People across the country have suddenly and unexpectedly found themselves in need of financial relief. With mortgage payments being the largest monthly expense for most households, the government has recently passed legislation to make forbearance easier.
What is loan forbearance?
Loan forbearance is an agreement between you and your loan servicer (who you make your payments to) in order to postpone your mortgage payments during times of financial difficulty. The payments will need to be paid in full, including accrued interest, following the agreed upon time period. By requesting forbearance, these delayed payments will not have a negative effect on your credit.

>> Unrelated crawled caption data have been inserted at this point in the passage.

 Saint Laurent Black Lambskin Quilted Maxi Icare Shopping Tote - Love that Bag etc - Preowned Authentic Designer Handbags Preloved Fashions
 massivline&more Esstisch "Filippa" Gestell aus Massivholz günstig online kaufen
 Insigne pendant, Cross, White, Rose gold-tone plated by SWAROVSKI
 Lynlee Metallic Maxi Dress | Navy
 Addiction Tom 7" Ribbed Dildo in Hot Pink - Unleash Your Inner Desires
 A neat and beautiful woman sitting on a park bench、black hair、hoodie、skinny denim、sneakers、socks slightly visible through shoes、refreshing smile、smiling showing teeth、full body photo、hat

Contact your loan servicer.
It’s important to know that forbearance is not a gift, and the loan will still need to be paid. Before skipping any payments, you should contact your loan servicer to learn more about your options. It’s as easy as saying “I won’t be able to make my payments for the next few months. What are my options?” Your loan servicer will work with you to set up a payment arrangement which could include the following options:
- Pay back the full sum at once
- Increase your monthly payment
- Restructure your mortgage
Forbearance should be used only if necessary.
As you can see, forbearance is not as simple as deferring payments. While it can be a source of financial relief, it’s only a tool that should be used if truly necessary. Forbearance simply postpones principle payments, meaning that the loan will continue to accrue interest, increasing the amount you will owe over the life of the loan. For some people, that is a minor price to pay to save money right now. But if you are able make payments, please continue to do so.